In appealing to fiscal conservatism, raising the specter of an immense federal bureaucracy overriding citizens rights, and insisting self-help, not dependence on outside assistance, offered the surest road to economic advancement, Johnson voiced themes that to this day have sustained opposition to federal aid for blacks.

. . . The assertion of national power to protect blacks’ civil rights, [Johnson] insisted, violated “all our experience as a people” and constituted a “stride towards centralization, and the concentration of all legislative powers in the national Government.” Most striking was the message’s blatant racism. Somehow, the President had decided that giving blacks full citizenship discriminated against whites—“the distinction of race and color is by the [Civil Rights Bill] made to operate in favor of the colored and against the white race.” Johnson even invoked the specter of intermarriage as the logical consequence of Congressional policy.

In other ways as well, violence had a profound effect on Reconstruction politics. For the Klan devastated many local Republican organizations. By 1871, the party in numerous locales was “scattered and beaten and run out.” No party, North or South, commented Adelbert Ames, could see hundreds of its “best and most reliable workers” murdered and still “retain its vigor.” Indeed, the black community was more vulnerable to the destruction of its political infrastructure by violence than the white.

Fundamentally, reformers believed, Southern violence arose from the same cause as political corruptions: the exclusion from office of men of “intelligence and culture.” If in the North civil service reform offered a solution, in the South, reformers advocated for the removal of political disabilities that barred prominent Confederates—the region’s “natural leaders”—from office.

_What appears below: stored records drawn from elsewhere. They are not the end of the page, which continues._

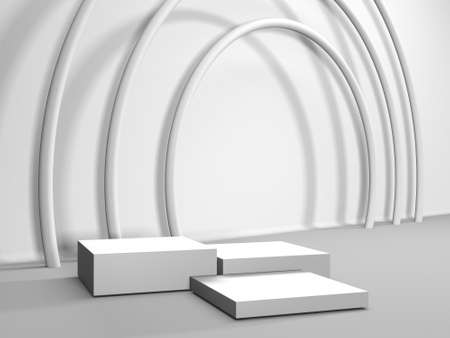 Abstract scene podium mockup. Award ceremony concept. 3d renderの写真素材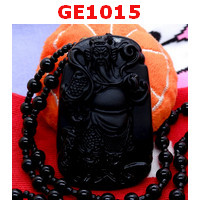 GE1015 : สร้อยคอเทพกวนอูหินสีดำ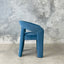 Juniper Dining Chair 4 Leg - Cerulean Velvet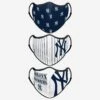 FOCO New York Yankees Thematic Sport 3 Pack Face Cover -FOCO Shop MAMBTHSCBFC3PKNY p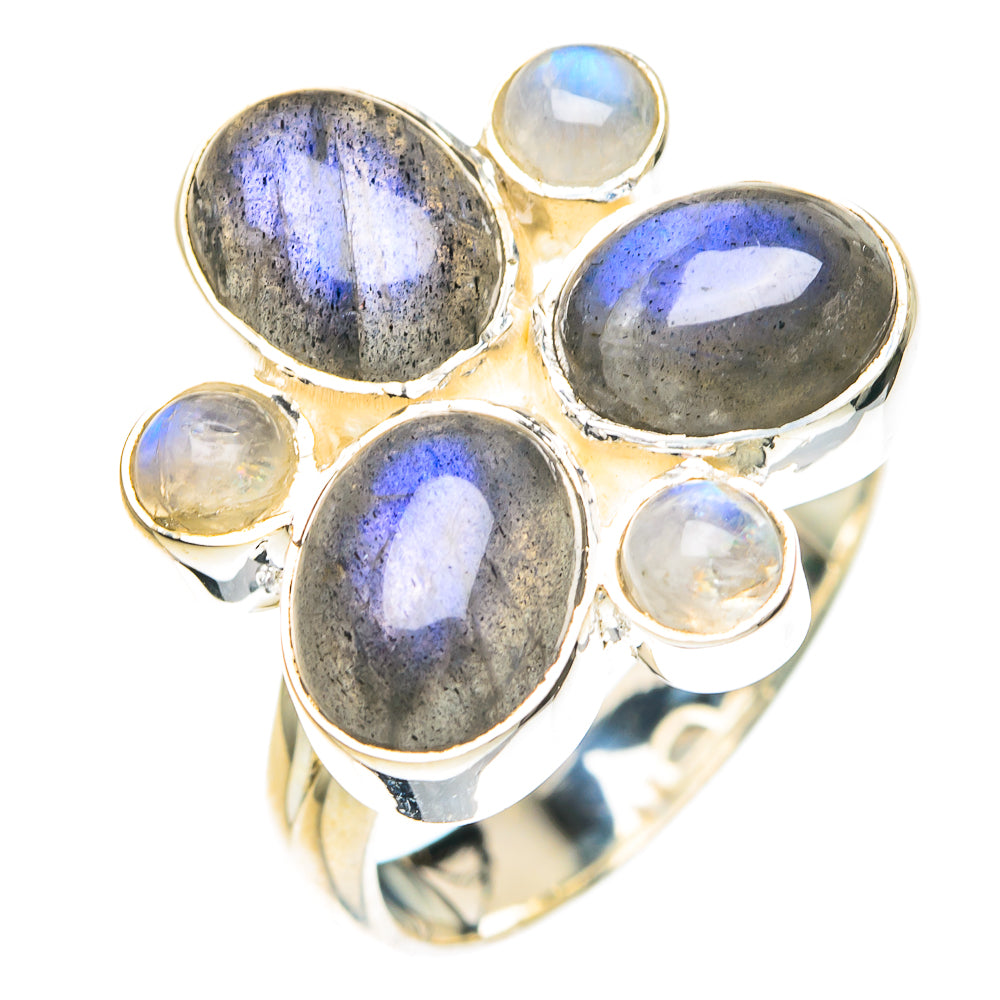 Labradorite Rings handcrafted by Anasilvercos - RING82143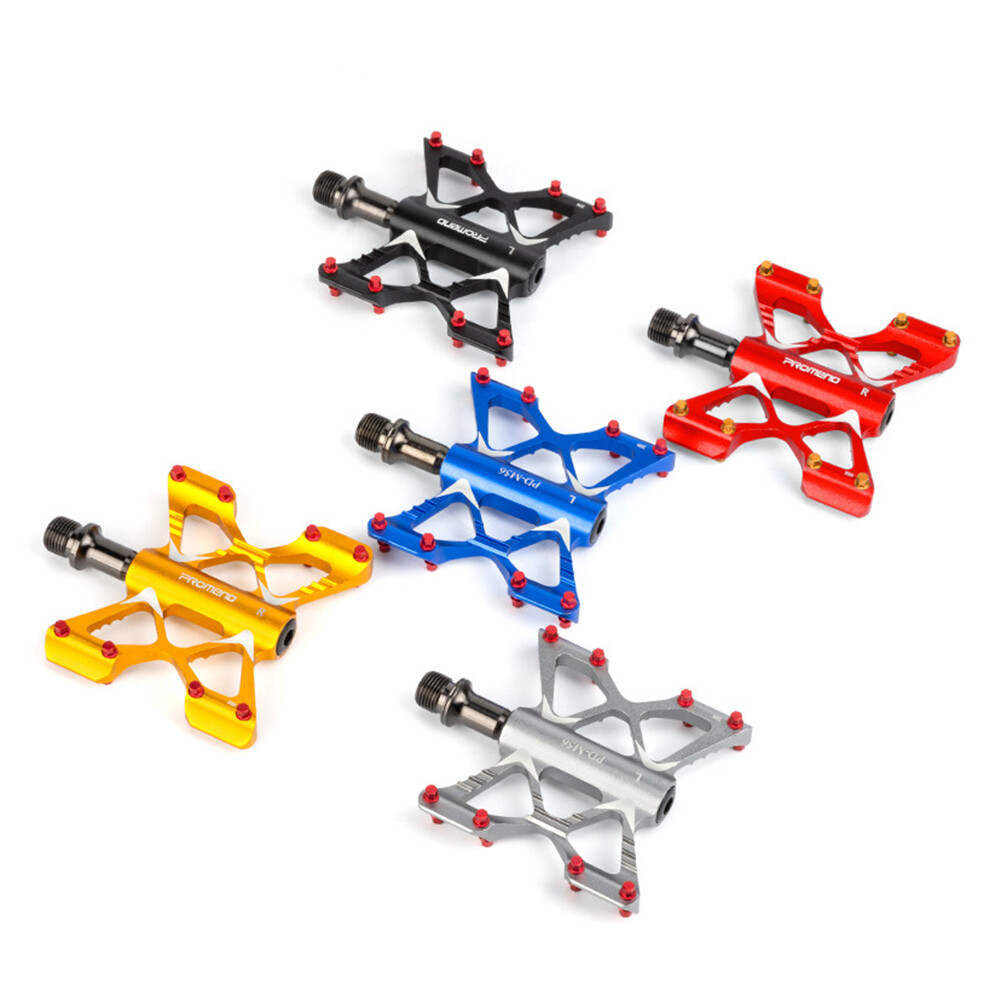 Promend MTB Road Bike Ultralight Aluminum Pedals Bicycle Flat Pedal 3 Bearings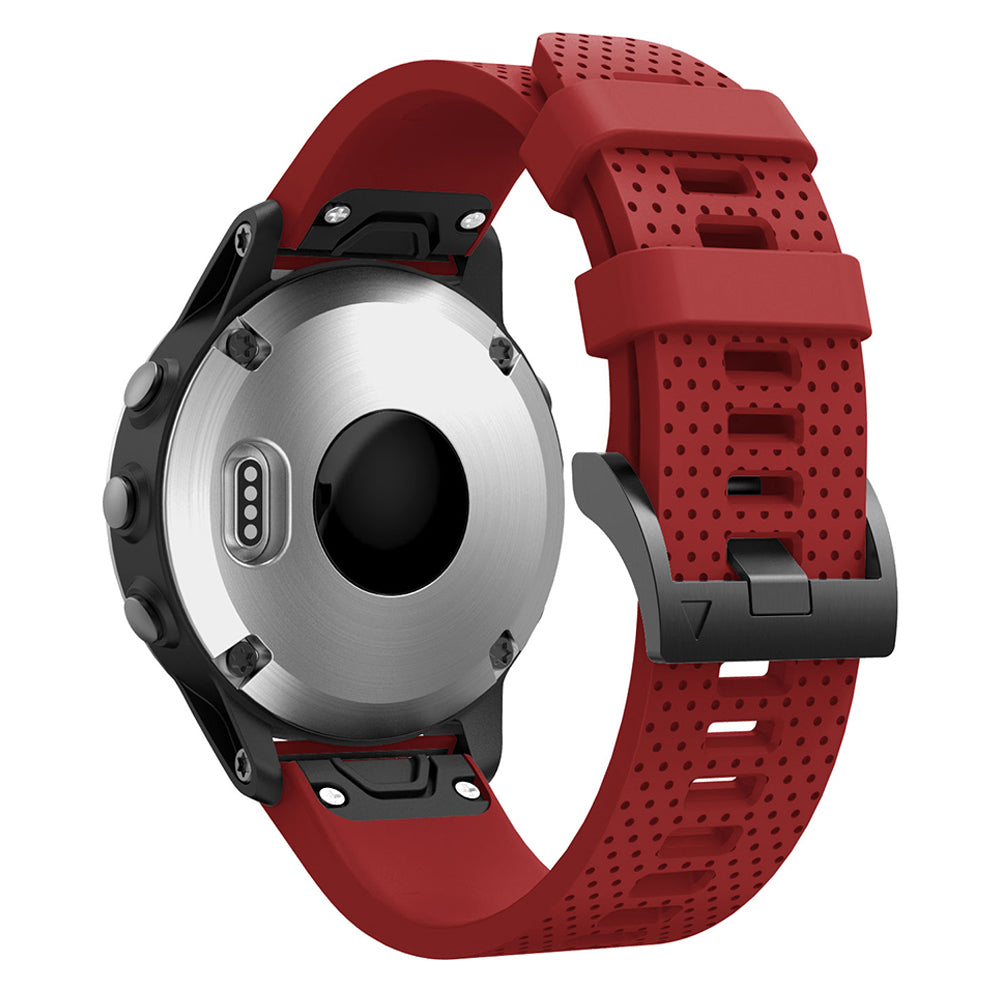 QuickFit Compatible 20mm Rubber Strap for Garmin Fenix 8 (43mm)20mm Rubber Strap for Garmin Fenix 7S / 7S Pro20mm Rubber Strap for Garmin Epix Pro (42mm)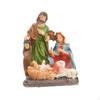 Christmas Statue Jesus Birth Figurine Artwork Collection Decoration Resin Sculpture Tabletop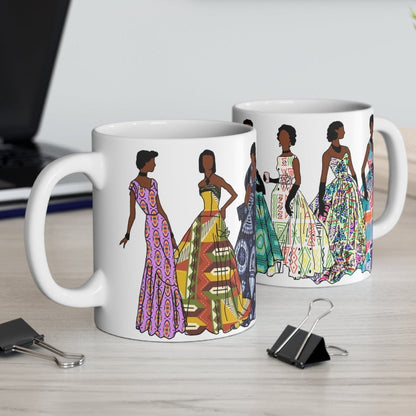 Vintage Fashion Mug - Afrocentric Art by The Trini Gee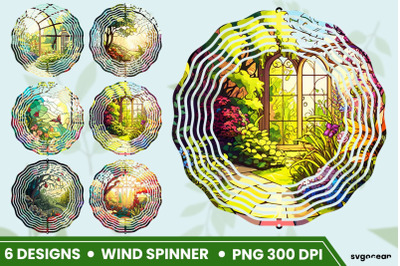 Stained Glass Wind Spinner | Sublimation Designs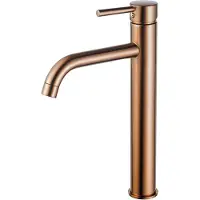 FortiFura Calvi Wastafelkraan - 33.9cm - verhoogd - opbouw - Geborsteld koper PVD (Koper) SW970032
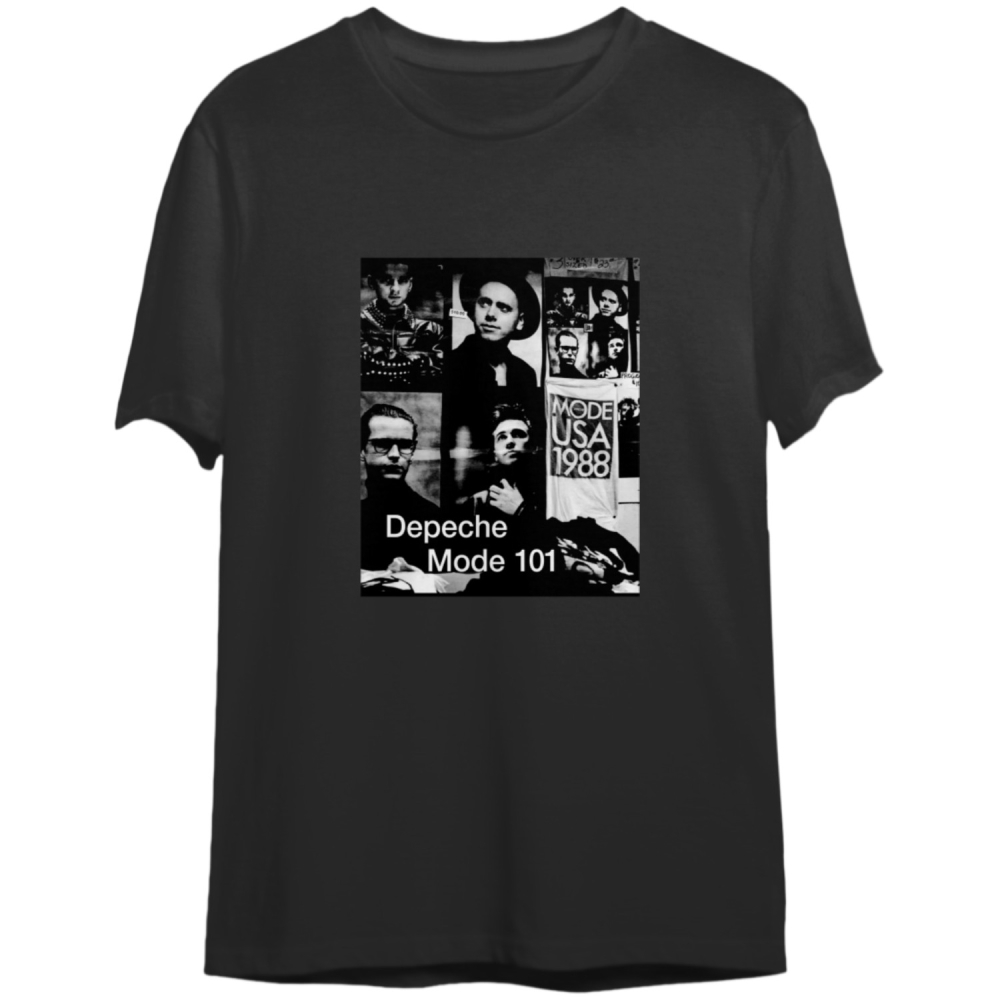 Vintage 1988 Depeche Mode 101 T-Shirt, 80s Depeche Mode Violator US Tour Double Sided Shirt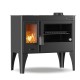 Wood cooker stove Balkan Energy ATS ΜΑSΙΝΑ PLUS 500, 11.2kW | Wood Burning Stoves With Oven | Wood Burning Stoves |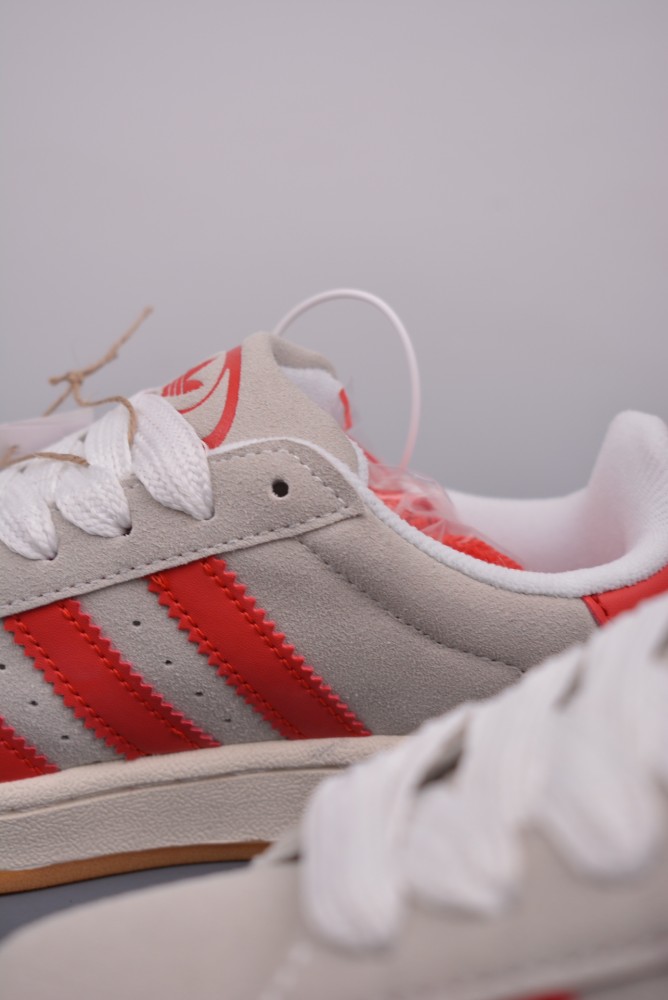 adidas Campus 00s Crystal White Better Scarlet (W)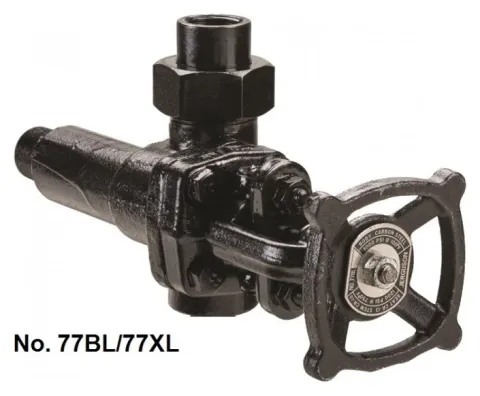 Jerguson Series 70BL / 70XL bolted bonnet safety ballcheck valves, Class 600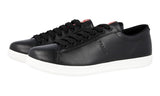 Prada Men's Black Leather Sneaker 4E3362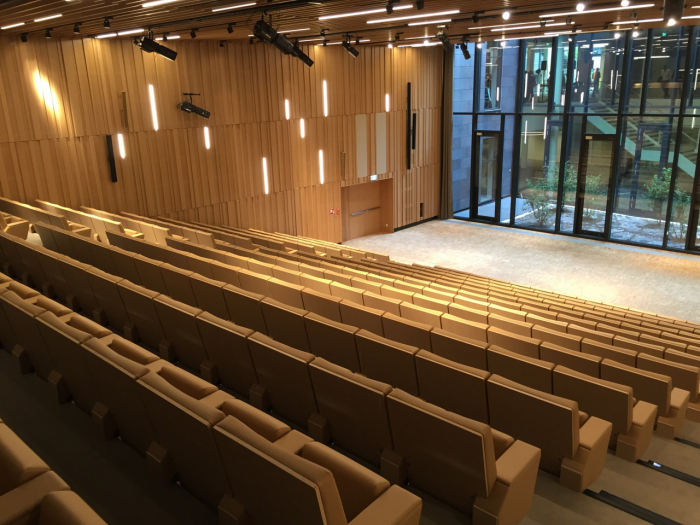 Scaune auditorium custom made pentru sala de spectacole sau concerte BNP Luxemburg [7]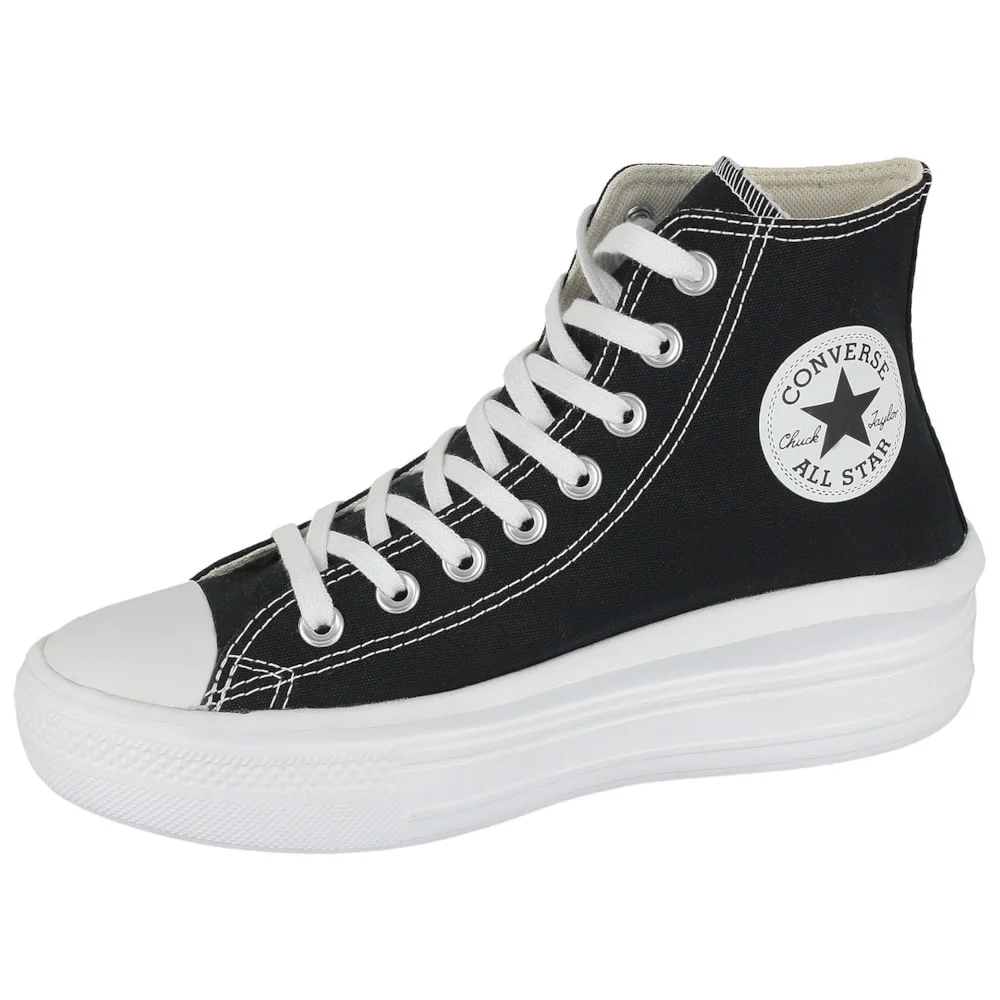 Tênis Converse Chuck Taylor All Star Move Hi Preto Branco Preto 3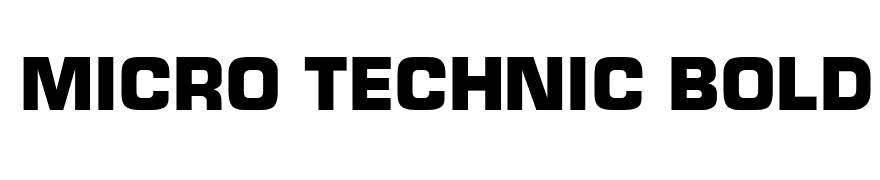 Micro Technic Bold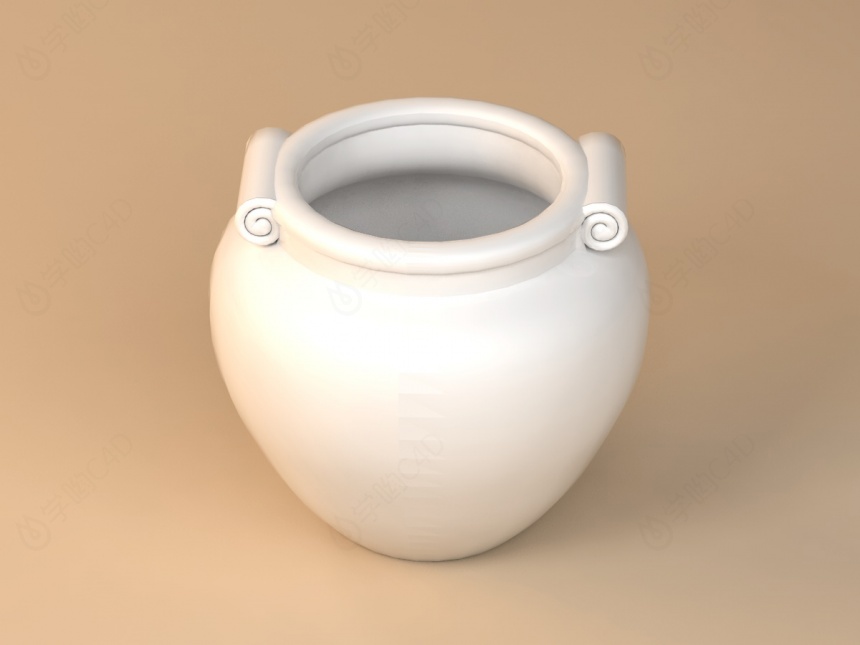 罐陶罐C4D模型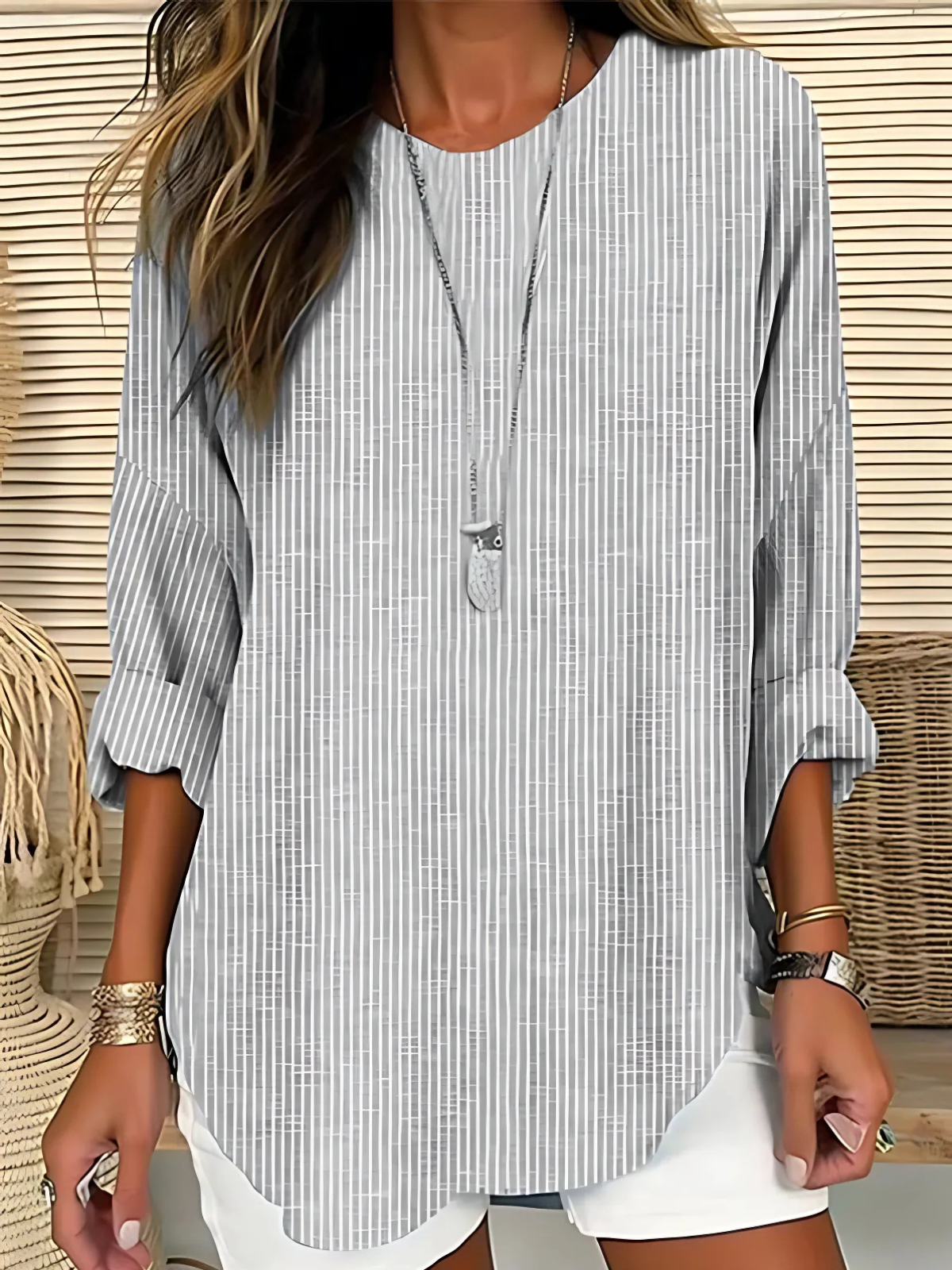 Elena™ | Blusa a rayas de moda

Thus a remarkable reversal of sympathies took place, with Southern whites increasingly portrayed as the victims of injustice, blacks deemed unfit to exercise suffrage, and carpetbaggers denounced as unprincipled thieves.

Some historians attribute the Klan’s sadistic campaign of terror to the fears and prejudices of poor whites. The evidence, however, contradicts such an interpretation. Ordinary farmers and laborers comprised the bulk of the membership, and energetic “young bloods” were more likely to conduct midnight raids than middle-aged planters and lawyers, but “respectable citizens” chose the targets and often participated in the brutality. Among sixty-five Klan assailants, Georgia black legislator Abram Colby identified men “not worth the bread they eat,” but also some of the first-class men in our town, including a lawyer and a physician.”

Finally, all three of these books highlight how we have always found ways to convince ourselves that the Other is either subhuman or evil in order to justify the evil we do onto them.